(Referring expression grounding data)
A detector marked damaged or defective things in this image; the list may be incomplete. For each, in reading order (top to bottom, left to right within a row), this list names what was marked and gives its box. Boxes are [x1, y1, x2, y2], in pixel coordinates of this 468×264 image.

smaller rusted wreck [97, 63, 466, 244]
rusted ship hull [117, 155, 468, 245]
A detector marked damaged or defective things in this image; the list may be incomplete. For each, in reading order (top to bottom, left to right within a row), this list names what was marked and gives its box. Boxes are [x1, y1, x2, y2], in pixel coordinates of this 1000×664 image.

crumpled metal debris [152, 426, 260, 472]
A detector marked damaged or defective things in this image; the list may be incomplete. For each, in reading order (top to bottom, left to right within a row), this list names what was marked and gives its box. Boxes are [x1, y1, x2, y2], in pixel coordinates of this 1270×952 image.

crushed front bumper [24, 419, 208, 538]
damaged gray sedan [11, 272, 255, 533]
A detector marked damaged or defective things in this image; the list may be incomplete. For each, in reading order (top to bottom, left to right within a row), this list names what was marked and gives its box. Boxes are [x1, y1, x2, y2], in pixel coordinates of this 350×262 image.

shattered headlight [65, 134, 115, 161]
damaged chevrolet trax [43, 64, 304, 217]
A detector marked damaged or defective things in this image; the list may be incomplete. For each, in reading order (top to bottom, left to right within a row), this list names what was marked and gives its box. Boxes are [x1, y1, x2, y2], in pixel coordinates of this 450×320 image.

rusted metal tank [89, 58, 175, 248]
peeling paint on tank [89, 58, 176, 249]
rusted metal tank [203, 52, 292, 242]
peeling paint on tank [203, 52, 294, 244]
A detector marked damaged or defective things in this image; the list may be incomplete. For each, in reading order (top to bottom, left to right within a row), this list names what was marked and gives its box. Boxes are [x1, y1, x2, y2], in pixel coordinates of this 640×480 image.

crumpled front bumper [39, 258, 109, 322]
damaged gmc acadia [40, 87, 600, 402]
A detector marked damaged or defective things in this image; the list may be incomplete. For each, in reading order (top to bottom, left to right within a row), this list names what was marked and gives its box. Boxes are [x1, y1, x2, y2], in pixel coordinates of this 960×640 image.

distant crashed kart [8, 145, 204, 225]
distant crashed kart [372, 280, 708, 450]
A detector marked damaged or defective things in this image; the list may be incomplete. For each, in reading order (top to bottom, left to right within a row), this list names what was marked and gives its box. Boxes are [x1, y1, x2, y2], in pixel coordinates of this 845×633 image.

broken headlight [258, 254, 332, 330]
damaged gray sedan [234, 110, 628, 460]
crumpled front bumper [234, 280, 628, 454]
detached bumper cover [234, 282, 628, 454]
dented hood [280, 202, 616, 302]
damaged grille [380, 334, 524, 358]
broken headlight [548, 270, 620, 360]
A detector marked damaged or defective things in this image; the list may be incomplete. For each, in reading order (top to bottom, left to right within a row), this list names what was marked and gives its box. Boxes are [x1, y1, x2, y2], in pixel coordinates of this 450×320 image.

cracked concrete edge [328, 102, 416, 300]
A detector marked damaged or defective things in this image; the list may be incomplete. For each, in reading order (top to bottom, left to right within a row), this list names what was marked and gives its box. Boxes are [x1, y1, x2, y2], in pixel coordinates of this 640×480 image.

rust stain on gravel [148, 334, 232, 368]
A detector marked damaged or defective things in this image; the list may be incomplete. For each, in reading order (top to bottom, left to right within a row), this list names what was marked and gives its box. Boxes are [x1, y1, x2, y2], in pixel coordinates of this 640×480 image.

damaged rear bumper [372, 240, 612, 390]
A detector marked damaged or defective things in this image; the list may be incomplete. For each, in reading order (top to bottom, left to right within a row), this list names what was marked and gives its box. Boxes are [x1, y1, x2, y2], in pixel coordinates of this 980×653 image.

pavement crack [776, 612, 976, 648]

▸ **What you should do**
Recopy the entries above exactly, with every line included.

▸ **Answer space**
A detector marked damaged or defective things in this image; the list may be incomplete. For each, in reading order (top to bottom, left to right within a row), this list names what was marked and gives its box. Boxes are [x1, y1, x2, y2], in pixel coordinates of this 468×264 image.

smaller rusted wreck [97, 63, 466, 244]
rusted ship hull [117, 155, 468, 245]
A detector marked damaged or defective things in this image; the list may be incomplete. For each, in reading order (top to bottom, left to right within a row), this list names what was marked and gives its box. Boxes are [x1, y1, x2, y2], in pixel coordinates of this 1000×664 image.

crumpled metal debris [152, 426, 260, 472]
A detector marked damaged or defective things in this image; the list may be incomplete. For each, in reading order (top to bottom, left to right within a row), this list names what was marked and gives its box. Boxes are [x1, y1, x2, y2], in pixel coordinates of this 1270×952 image.

crushed front bumper [24, 419, 208, 538]
damaged gray sedan [11, 272, 255, 533]
A detector marked damaged or defective things in this image; the list may be incomplete. For each, in reading order (top to bottom, left to right within a row), this list names what was marked and gives its box. Boxes are [x1, y1, x2, y2], in pixel coordinates of this 350×262 image.

shattered headlight [65, 134, 115, 161]
damaged chevrolet trax [43, 64, 304, 217]
A detector marked damaged or defective things in this image; the list may be incomplete. For each, in reading order (top to bottom, left to right within a row), this list names what was marked and gives its box. Boxes are [x1, y1, x2, y2], in pixel coordinates of this 450×320 image.

rusted metal tank [89, 58, 175, 248]
peeling paint on tank [89, 58, 176, 249]
rusted metal tank [203, 52, 292, 242]
peeling paint on tank [203, 52, 294, 244]
A detector marked damaged or defective things in this image; the list may be incomplete. For each, in reading order (top to bottom, left to right within a row), this list names what was marked and gives its box. Boxes are [x1, y1, x2, y2], in pixel coordinates of this 640×480 image.

crumpled front bumper [39, 258, 109, 322]
damaged gmc acadia [40, 87, 600, 402]
A detector marked damaged or defective things in this image; the list may be incomplete. For each, in reading order (top to bottom, left to right within a row), this list names what was marked and gives its box. Boxes are [x1, y1, x2, y2], in pixel coordinates of this 960×640 image.

distant crashed kart [8, 145, 204, 225]
distant crashed kart [372, 280, 708, 450]
A detector marked damaged or defective things in this image; the list may be incomplete. For each, in reading order (top to bottom, left to right within a row), this list names what was marked and gives its box. Boxes are [x1, y1, x2, y2], in pixel coordinates of this 845×633 image.

broken headlight [258, 254, 332, 330]
damaged gray sedan [234, 110, 628, 460]
crumpled front bumper [234, 280, 628, 454]
detached bumper cover [234, 282, 628, 454]
dented hood [280, 202, 616, 302]
damaged grille [380, 334, 524, 358]
broken headlight [548, 270, 620, 360]
A detector marked damaged or defective things in this image; the list may be incomplete. For each, in reading order (top to bottom, left to right within a row), this list names what was marked and gives its box. Boxes are [x1, y1, x2, y2], in pixel coordinates of this 450×320 image.

cracked concrete edge [328, 102, 416, 300]
A detector marked damaged or defective things in this image; the list may be incomplete. For each, in reading order (top to bottom, left to right within a row), this list names what was marked and gives its box. Boxes are [x1, y1, x2, y2], in pixel coordinates of this 640×480 image.

rust stain on gravel [148, 334, 232, 368]
A detector marked damaged or defective things in this image; the list may be incomplete. For each, in reading order (top to bottom, left to right within a row), this list names what was marked and gives its box. Boxes are [x1, y1, x2, y2], in pixel coordinates of this 640×480 image.

damaged rear bumper [372, 240, 612, 390]
A detector marked damaged or defective things in this image; the list may be incomplete. For each, in reading order (top to bottom, left to right within a row), this list names what was marked and gives its box. Boxes are [x1, y1, x2, y2], in pixel coordinates of this 980×653 image.

pavement crack [776, 612, 976, 648]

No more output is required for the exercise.